Umberto e Bonifacio seppero sfruttare il crescente protagonismo politico e l’irrequietezza militare delle principali collettività cittadine della regione, come quella torinese e quella astigiana, ribellatasi al potere marchionale già durante l’età di Adelaide. Il vescovo e l’aristocrazia laica torinesi, che in quelle fasi convulse erano sostanzialmente rimasti padroni della città, erano sensibili alla minaccia che avrebbe costituito un potere umbertino forte lungo la strada di Francia ed espressero una provvisoria convergenza nel segno di un appoggio a Bonifacio, il quale controllava invece la parte meridionale della marca. Umberto, a quanto pare, si procurò invece l’alleanza degli astigiani, come proverebbe un accordo del luglio del 1098, pervenuto in una copia bassomedievale e probabilmente oggetto di interpolazioni. Stando a quell’atto il conte si sarebbe impegnato a cedere all’episcopio e ai consoli di Asti il controllo di vari luoghi nel Piemonte meridionale – tutti territori su cui, in verità, esercitava in quella fase uno scarso controllo – e avrebbe accordato agli astigiani privilegi ed esenzioni, oltre a impegnarsi a soggiornare di qua dalle Alpi.

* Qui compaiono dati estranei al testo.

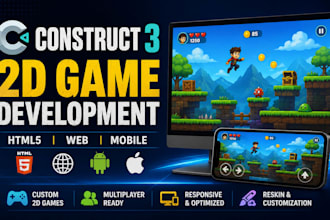 develop a 2d construct 3 game for web, mobile and HTML5
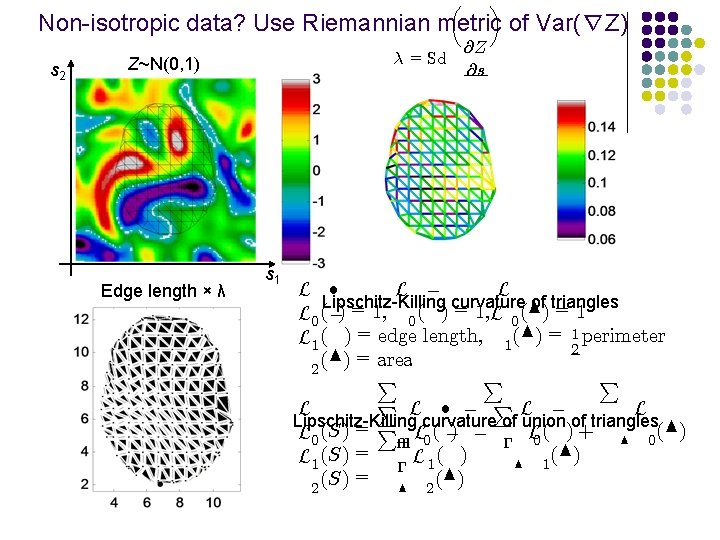 µ ¶ Non-isotropic data? Use Riemannian metric of Var(∇Z) s 2 ¸ = Sd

Non conosciamo i modi né gli esiti immediati del confronto tra Umberto e Bonifacio, ma è certo che nessuno dei due riuscì nell’intento di controllare l’intera marca, che perse in tal modo la coesione politica e la funzionalità circoscrizionale. Mentre Bonifacio e la sua parentela consolidarono il proprio radicamento nel settore meridionale, l’influenza di Umberto si limitò alla valle di Susa, nucleo storico della potenza patrimoniale e signorile degli Arduinici, che durante il XII secolo sarebbe rimasta la sola testa di ponte permanente degli Umbertini in Piemonte.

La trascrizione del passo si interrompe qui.